>>If they have been elected, they are entitled to be there.
Exactly. You cannot judge the quality of a system by how much it gives you what you want.
This country voted for Thatcher. She had a right to govern. Eventually she didn't. Lots of people didn't like her and what she did. Tough s***. She was elected. Ditto Blair. Ditto Cameron.
Don't take that to mean I particularly approve of the system, but it is our system and none of those three broke it.
I wouldn't vote for UKIP. Which is my right. Some people will, which is their right. If enough people vote for UKIP, UKIP will get in. Which, however I might not like it, is how the system must work.
I may think the voters are geniuses or planks, but this vilification of someone because you don't like the fact that others voted for them is quite silly.
If you want something and think its important, then get off your butt and vote for/against it. If the majority disagree with you. Tough.

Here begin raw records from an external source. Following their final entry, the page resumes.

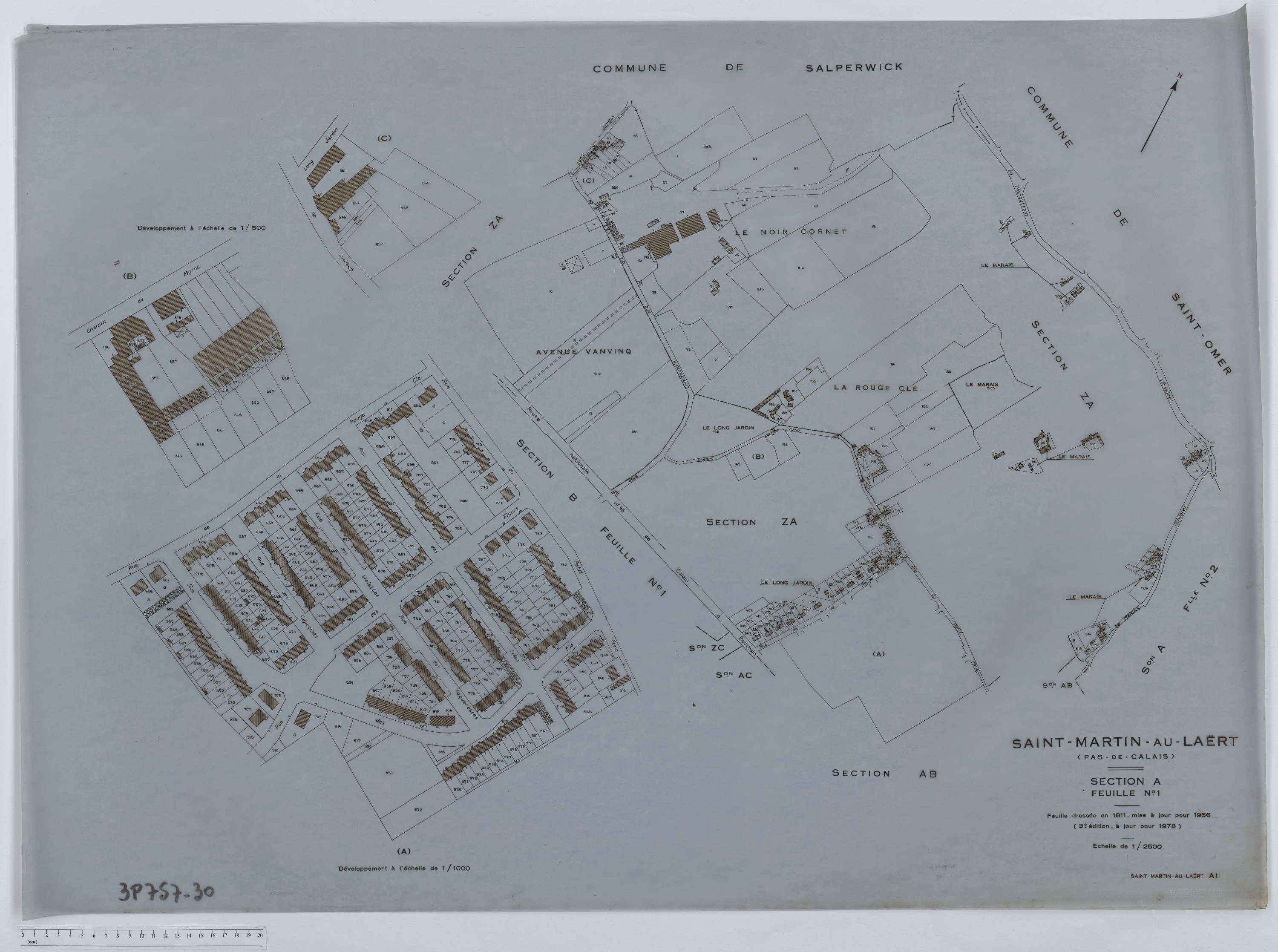 Saint-Martin-au-Laërt - Section A, feuille 1.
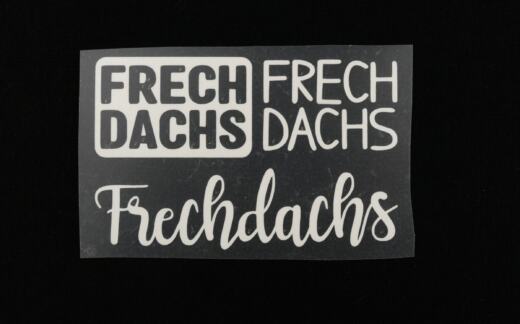 Bügelbilder aus Reflexfolie - "Frechdachs" - Farbauswahl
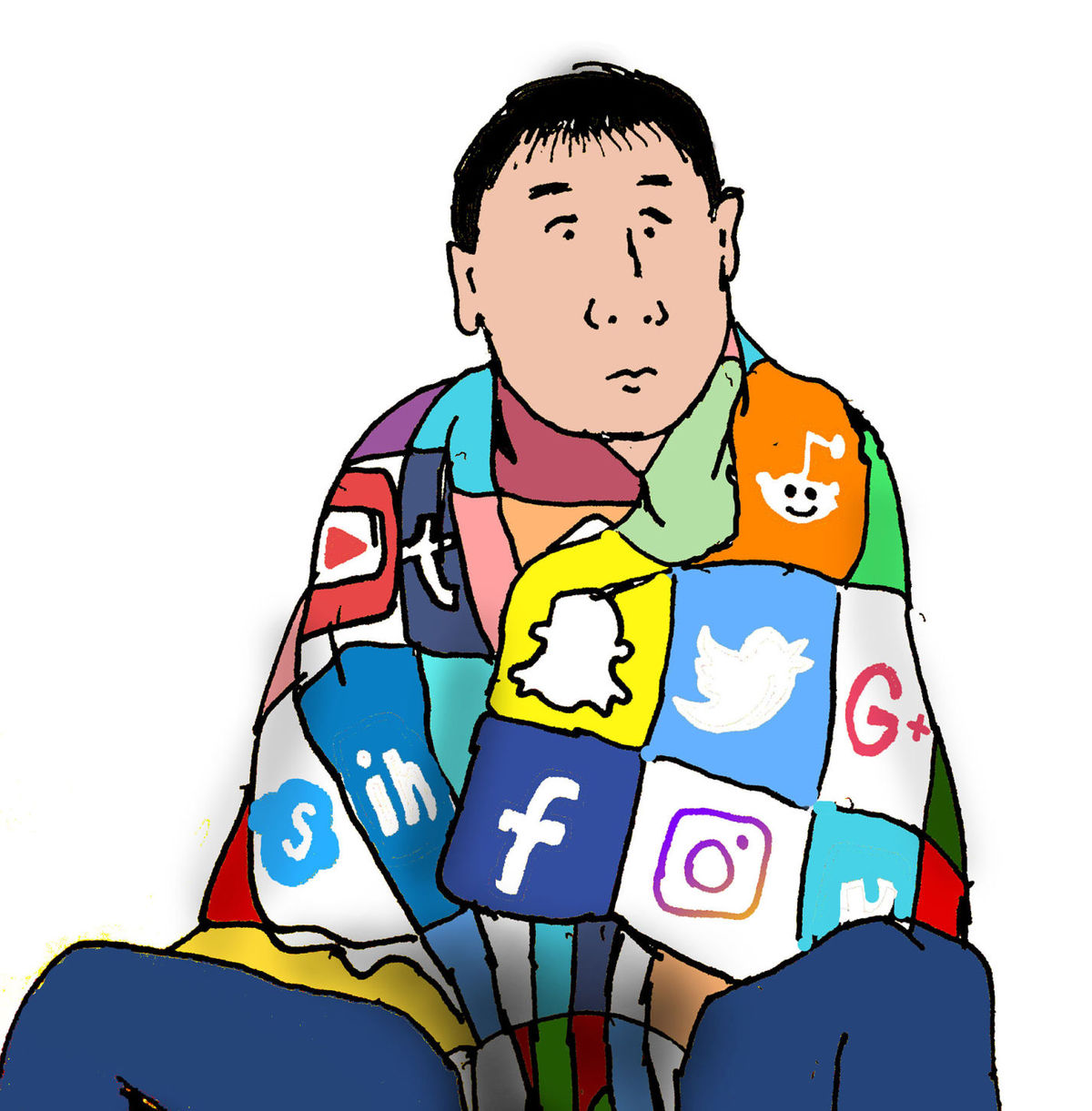 1200x1221 Depression Clipart Social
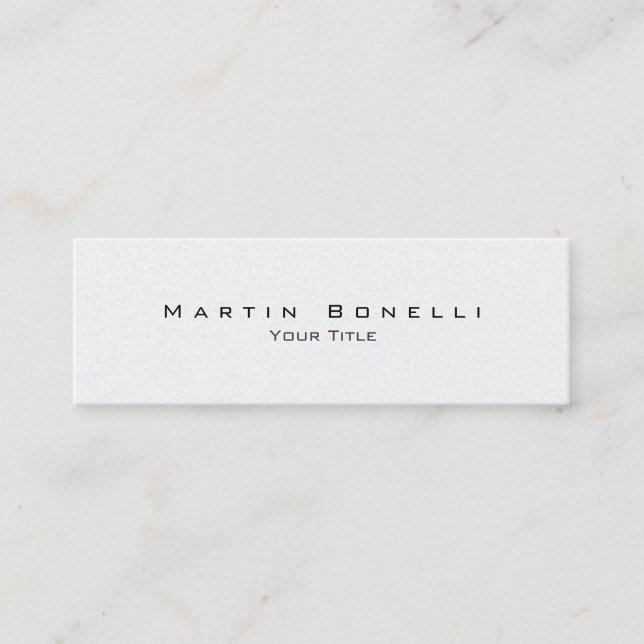 Pearl Simple Stylish Trendy White Business Card (Front)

If you want the system changed, campaign for it. Maybe you'll get it and maybe you won't.
The current system works for me. Two Houses, Royal Family FPTP etc. etc. And looking back in history there are many occasions when it hasn't done what I wanted, but its usually done what the country wanted.
For many years I heard how The Sun newspaper had the highest circulation in Europe, but I virtually never met anybody who admitted buying it.
Various PMs seem to generate the same effect.